• **The problem**
Whatever precedes the line containing "design modern school" is not copied; that line and every line after it through the final one below are copied exactly, except pictures.

• **Supplied material**
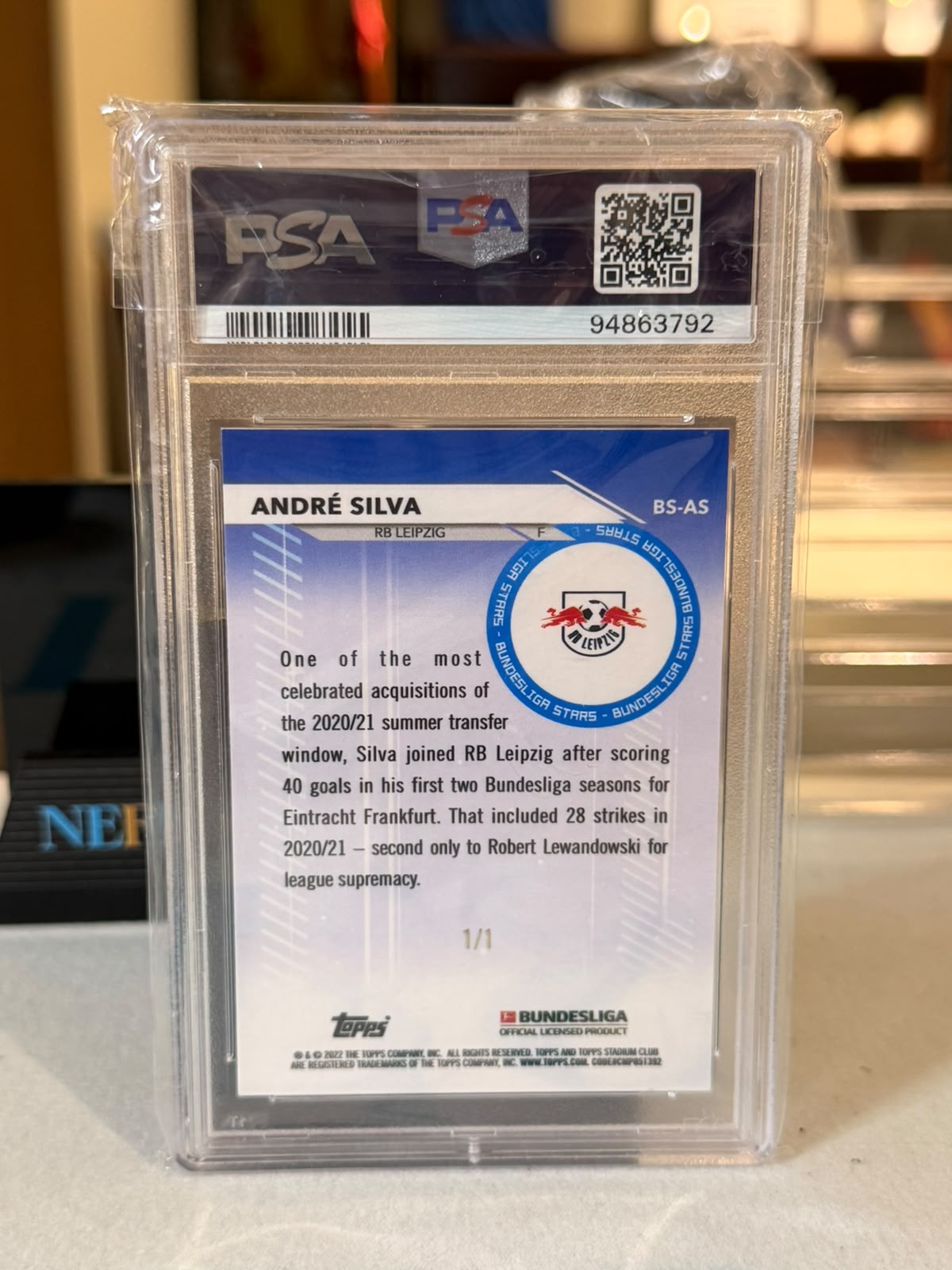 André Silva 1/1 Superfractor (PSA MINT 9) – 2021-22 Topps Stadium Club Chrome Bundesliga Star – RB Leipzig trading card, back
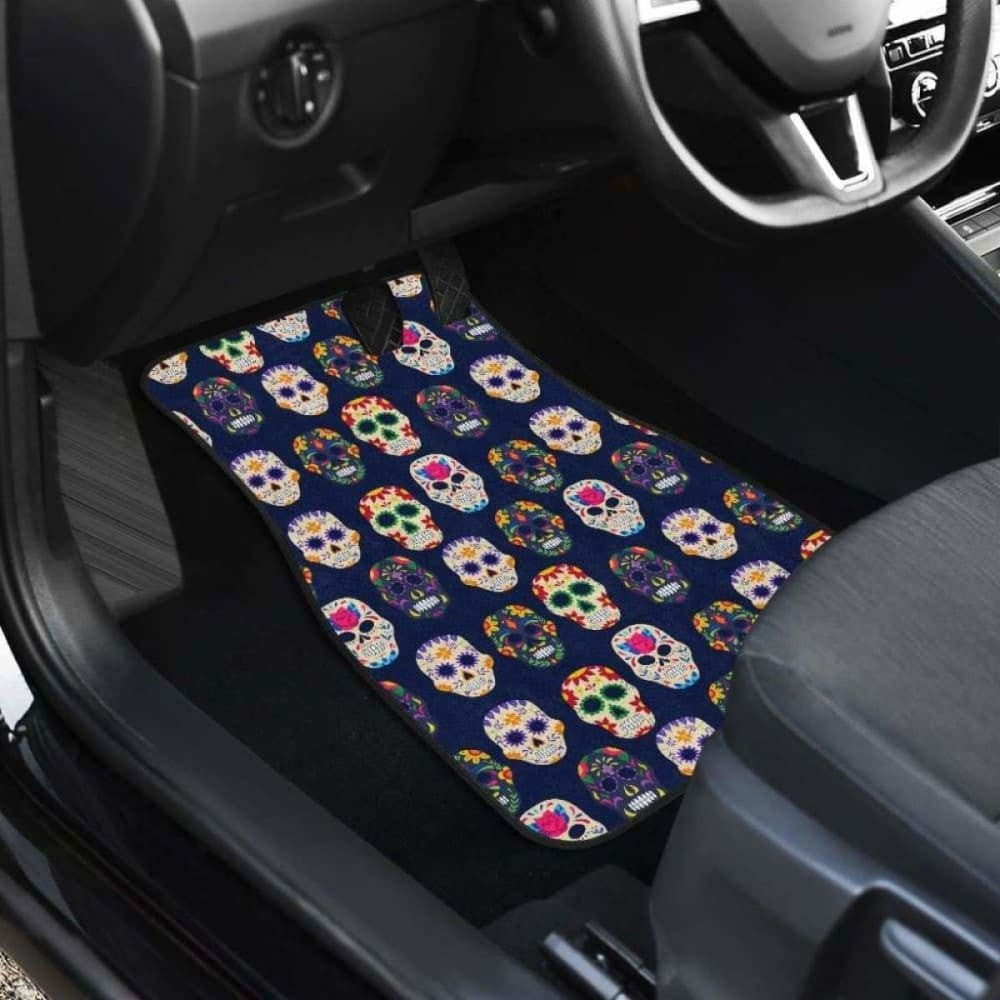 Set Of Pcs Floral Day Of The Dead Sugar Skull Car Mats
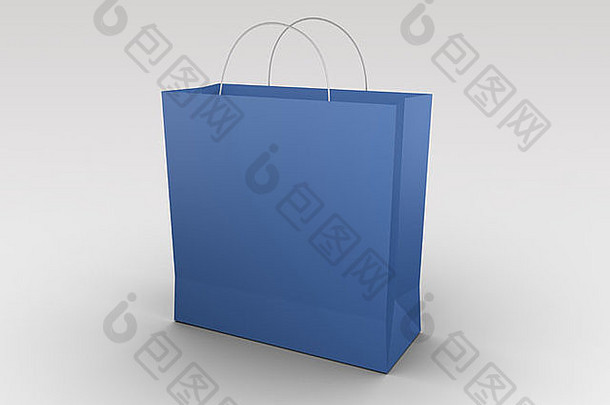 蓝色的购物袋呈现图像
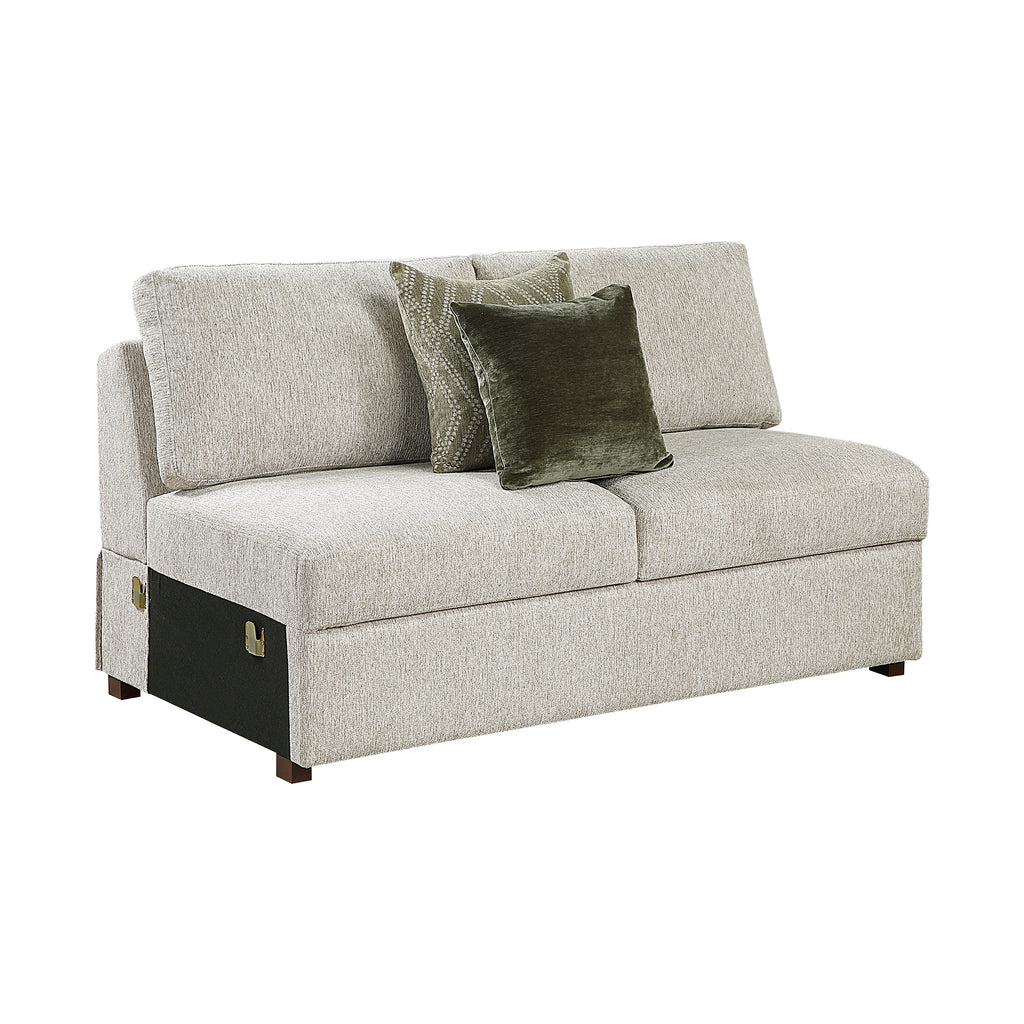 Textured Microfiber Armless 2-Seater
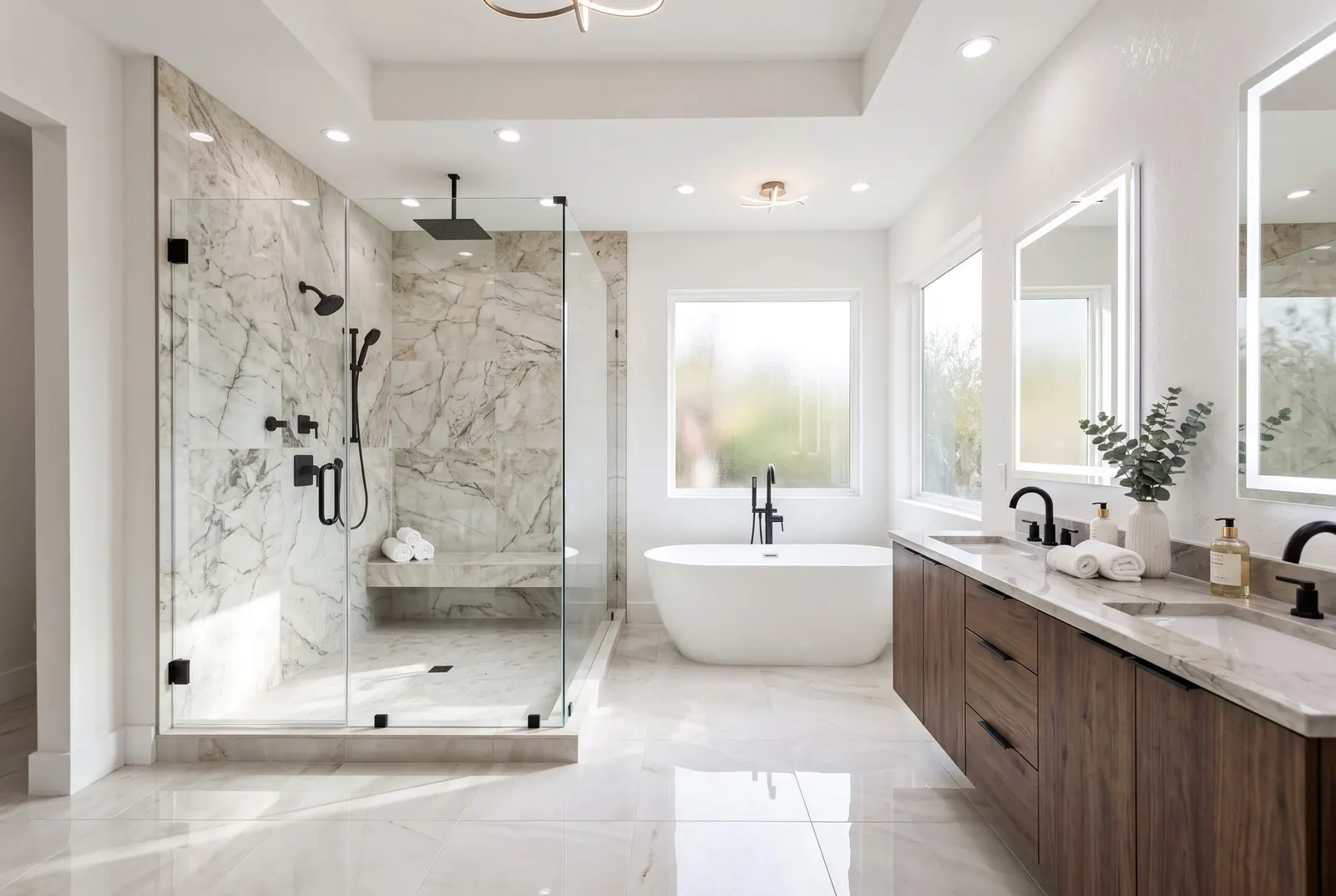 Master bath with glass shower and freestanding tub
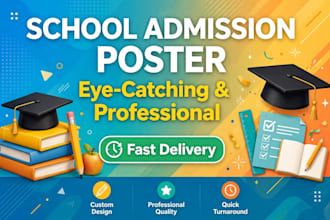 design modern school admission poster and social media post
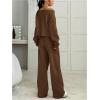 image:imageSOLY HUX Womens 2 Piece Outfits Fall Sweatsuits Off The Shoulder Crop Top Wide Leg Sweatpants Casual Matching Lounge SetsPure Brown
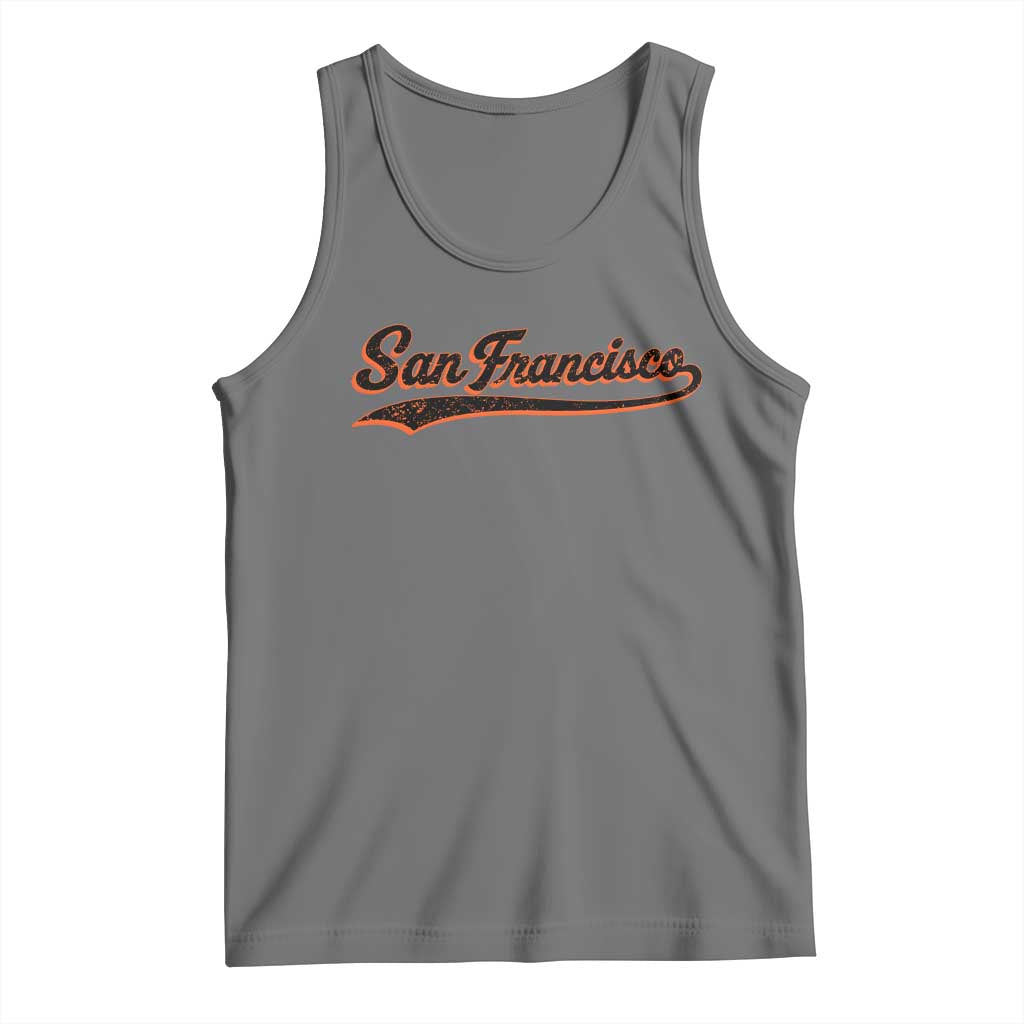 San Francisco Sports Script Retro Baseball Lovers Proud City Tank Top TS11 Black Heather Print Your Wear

• **Answer to this task**
 design modern school admission poster and social media post
 image:imageSOLY HUX Womens 2 Piece Outfits Fall Sweatsuits Off The Shoulder Crop Top Wide Leg Sweatpants Casual Matching Lounge SetsPure Brown
 San Francisco Sports Script Retro Baseball Lovers Proud City Tank Top TS11 Black Heather Print Your Wear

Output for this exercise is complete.